In order to understand the basics of how X-ray crystallography works, we can make an analogy with the way a snapshot works: Light from the Sun or a lamp shines on the object we want to take a picture from. In this case, the reflected light on the surface of the object gets trhough the lenses of the camera and activates the photographic film. We have to remember that the while the shining light is polychromatic (many colors), the wavelenght (color) of the reflected light will depend on the surface reflecting it: Red stuff will reflect red-er light, blue stuff will reflect blue-er light, etc. Now, the reflected light also has an energy associated with it, which is what is responsible for activating the photographic film.
Now, with this in mind, we could in principle take pictures of smaller and smaller objects. The problem is that we reach a point in which the sizes of the objects we are trying to photograph using normal light, or light with wavelenghts in the visible spectrum range, will be smaller than the wavelenght of the light (around 400 to 700 nm) we are shining on them. Therefore, they will appear to be invisible, because our light beam cannot hit them and we cannot get any light reflected from them.
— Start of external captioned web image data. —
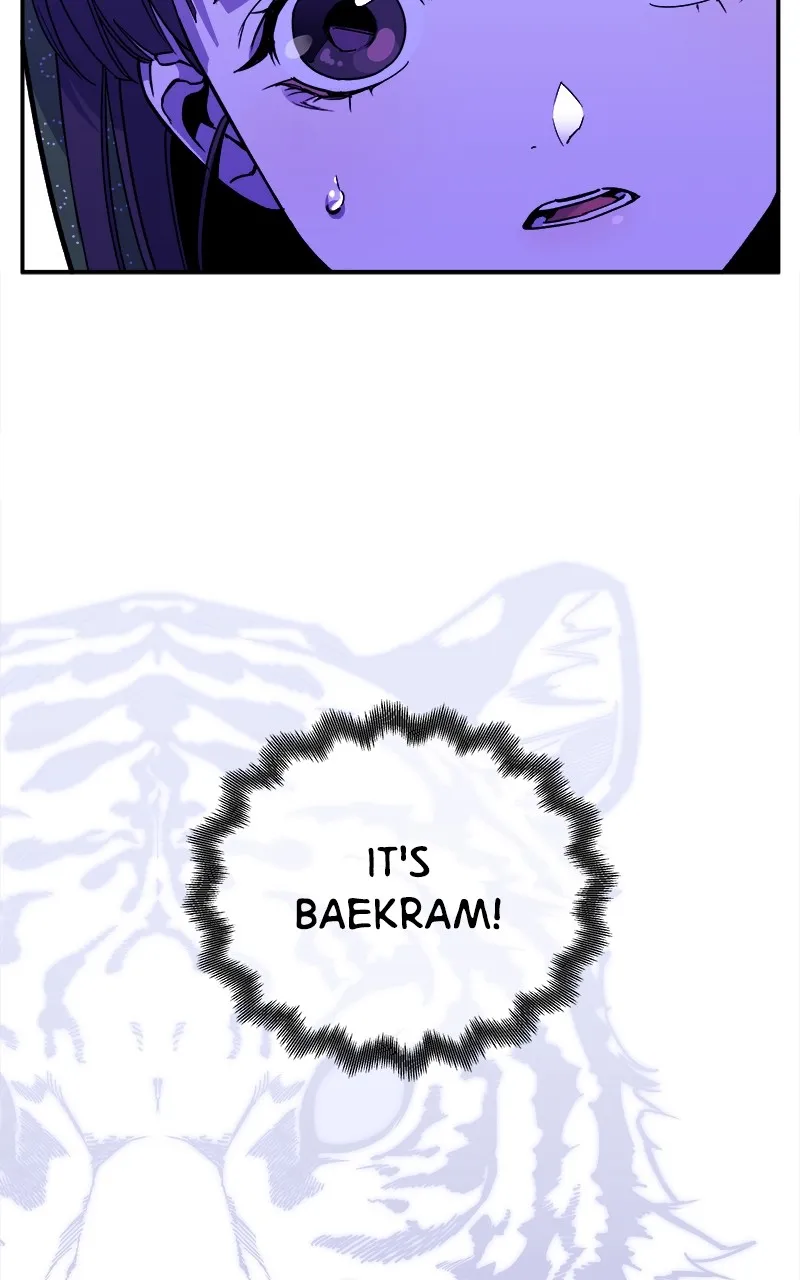 Read How a Goddess Wins Over Tigers chapter 4 image 133 on Lezhin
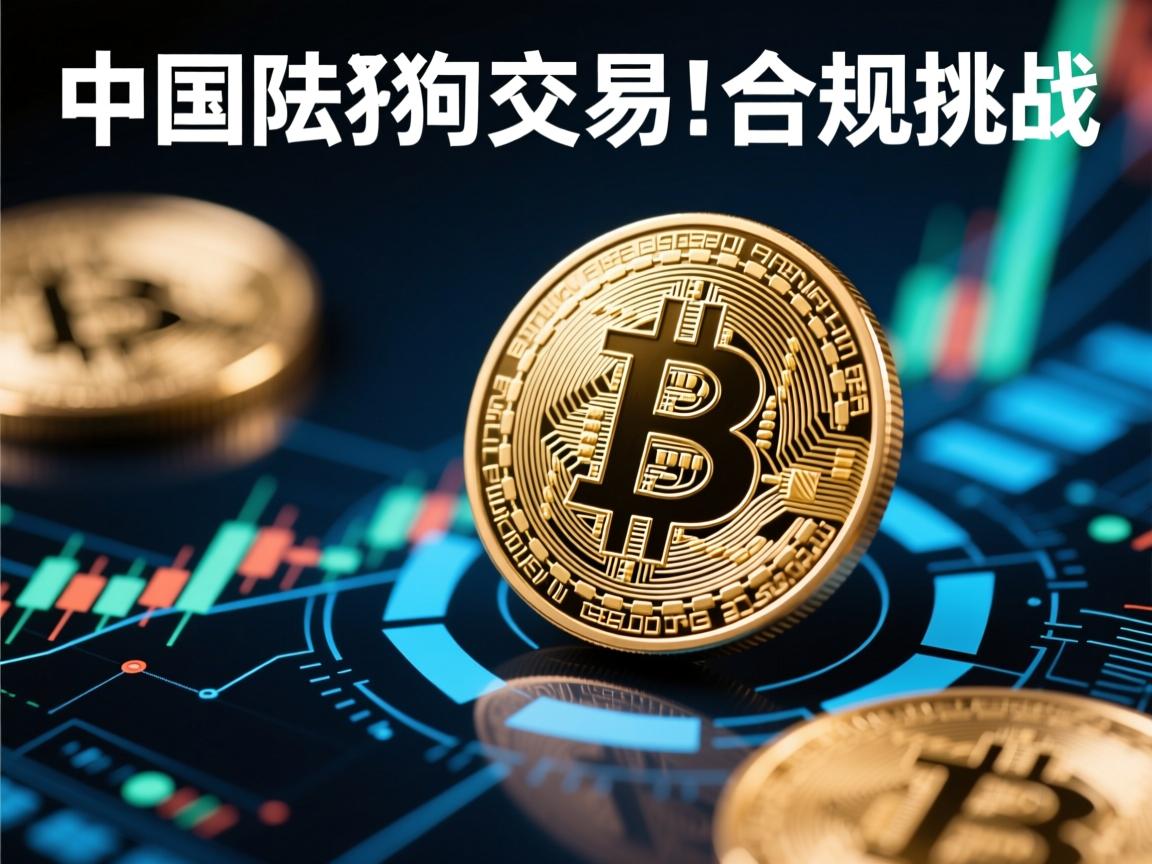 狗狗币国内允许吗(狗狗币国内可以交易吗) 狗狗币国内允许吗(狗狗币国内可以交易吗)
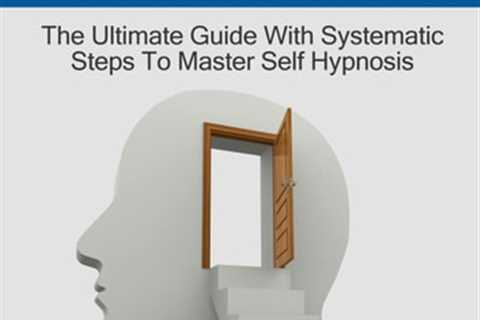 How to Use Self Hypnosis CDs to Achieve Your Dreams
The solution is to use light sources with smaller and smaller wavelenghts. If we want to 'see' atoms (or more accurately, the electron clouds buzzing around them), we have to use very short wavelenghts. The lenght will have to be comparable to the object we want to see, wich in the case of atoms or bonds is around 0.7 to 1.5 Å (0.07 to 0.15 nm). These wavelenghts correspond to X-rays.
Now, the problem is that we cannot simply put a camera in front of the molecule and see the reflected light comming from it. What we do is we put the film on the other side of the molecule, and we see how the X-ray beam passes through it. We record the refraction of the X-rays by the molecule, or put in other words, we record how the molecule affects the angle and intensity of our shining X-ray beam. The passing X-ray beams will make a pattern on the film which depends on how the different atoms in the molecule affected its path angle and intensities. By analyzing the pattern we can reconstruct the structure of our molecule.
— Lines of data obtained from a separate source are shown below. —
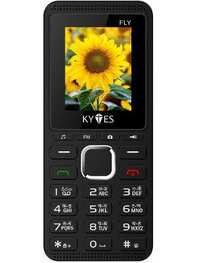 https://images.hindustantimes.com/productimages/htmobile4/P36045/heroimage/144426-v1-kytes-fly-mobile-phone-large-1.jpg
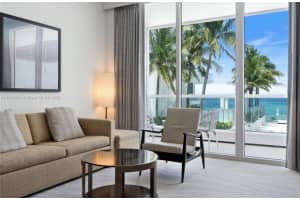 4391 Collins Avenue Unit 623, Miami Beach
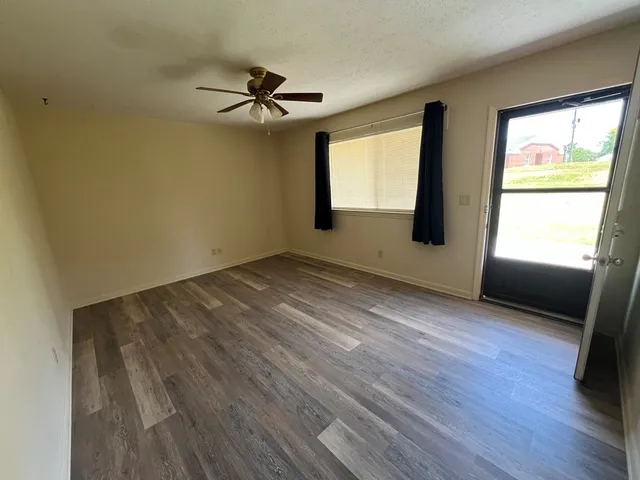 $1,000 | 5614 Luna Drive, Columbus, GA 31907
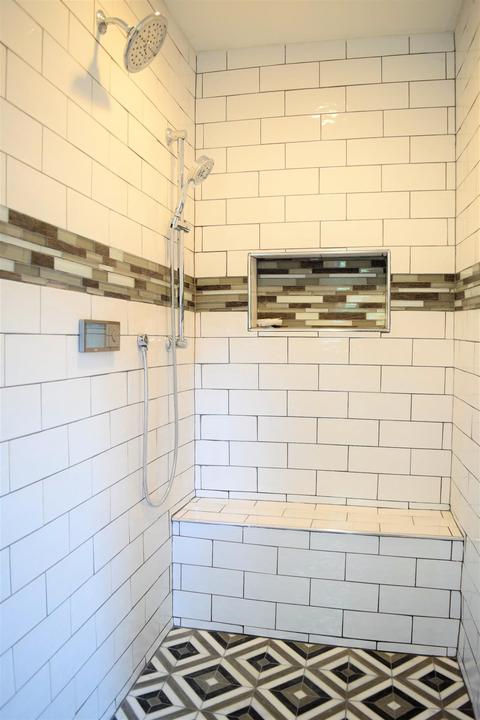 1014 Egan Hills Dr, Cincinnati, OH 45229 photo 49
It is sort of a forensic science in a way: A forensic investigator can tell the trajectory of a bullet through room (and whoever was in its path) by analyzing the angle at which the bullet hits a wall. He can also determine how fast the bullet was traveling by analyzing how deep it got stuck into the wall. By looking at how mangled the bullet gets, he can also tell about the strenght of the matter it passed through. With all this data, he can tell from where the bullet was fired, the possible composition of the objects it went through, and even if the objects were moving or not. He can also say if the bullet hit a bone on a victim. If we get even darker in our analogy, he can analyze blood splater patterns and asses if the victim was falling, standing, kneeling, etc., etc.
In X-ray crystallography we do something similar. We look at the angles in which the X-ray beam was diffracted, how much intensity the lost, etc., etc., and from this we can make a picture of the electron coluds it must have bumped against while passing through the molecule.
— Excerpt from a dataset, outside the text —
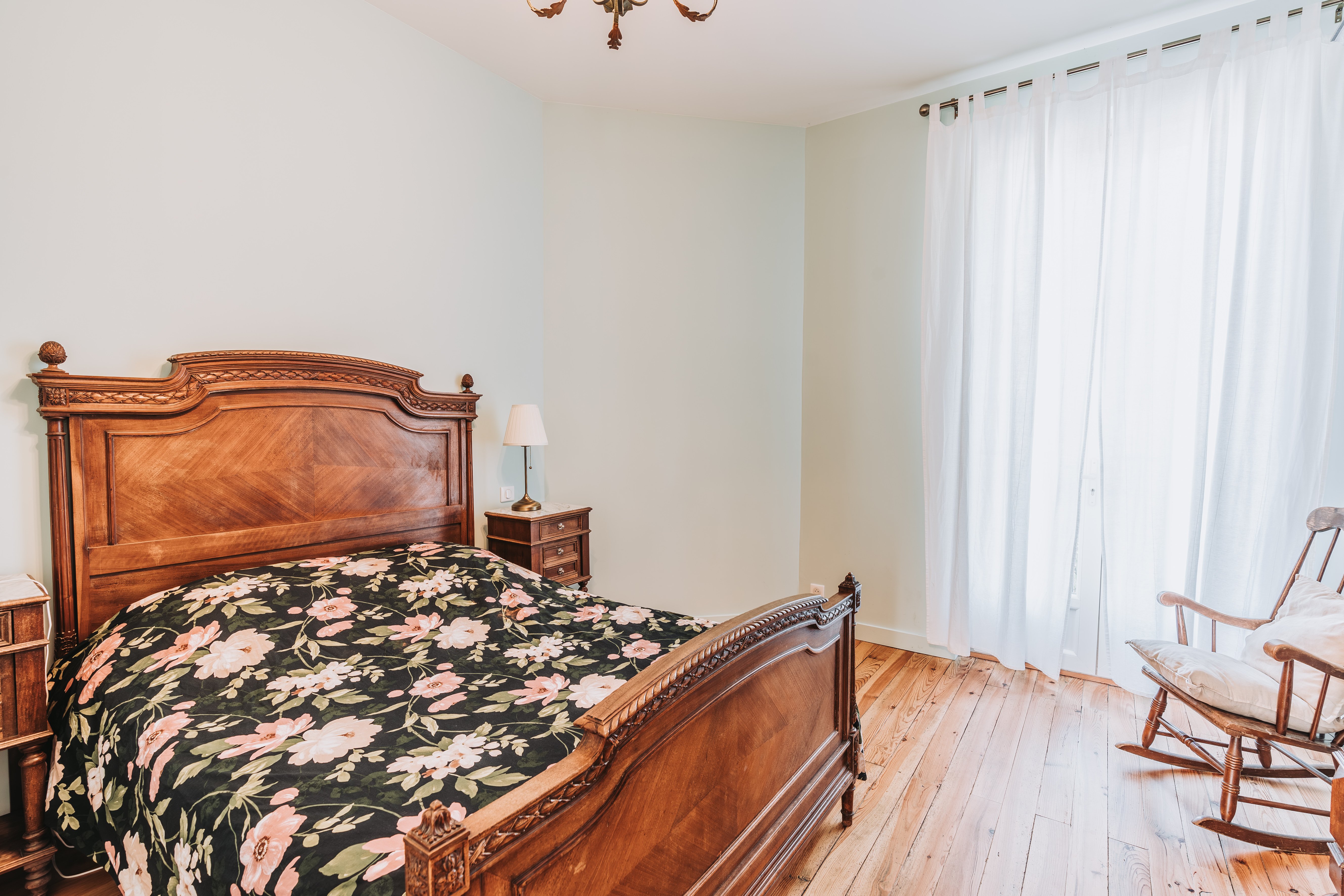 Château Belle Epoque - Le Gardien, Linxe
The problem in this explanation is that we used one molecule. As you all know, we cannot hold a molecule in a stick and shine it with X-ray beams. We have to use a sizeable ammount of sample. Now comes a problem: If our sample is amorphous, like the powder in an aspirin tablet, each molecule in it will have a completely random orientation, and each will be at different angles with respect to the shining X-ray beam. This makes the diffraction pattern to be almost completely useles for the purpose of determining our structure, because the picture we get on the photographic film has no information on how the molecules were arranged with respect to one another: An atom in a particular molecule in our sample could have been pointing up, giving a certain diffraction pattern, while the same atom in another molecule of the sample can be pointing sideways, or down, giving a completely different pattern in the diffraction map.
How do we solve this? We need a sample with an ordered orientation of molecules in it, and we can find this in a crystal. In a crystal all molecules are oriented in a particular way with respect to one another. Even if we have several orientations, these will be regular and repeating. We will have a relativelly small number of orientations, and the different orientations will have some sort of ordering with respect to one another, or symmetry.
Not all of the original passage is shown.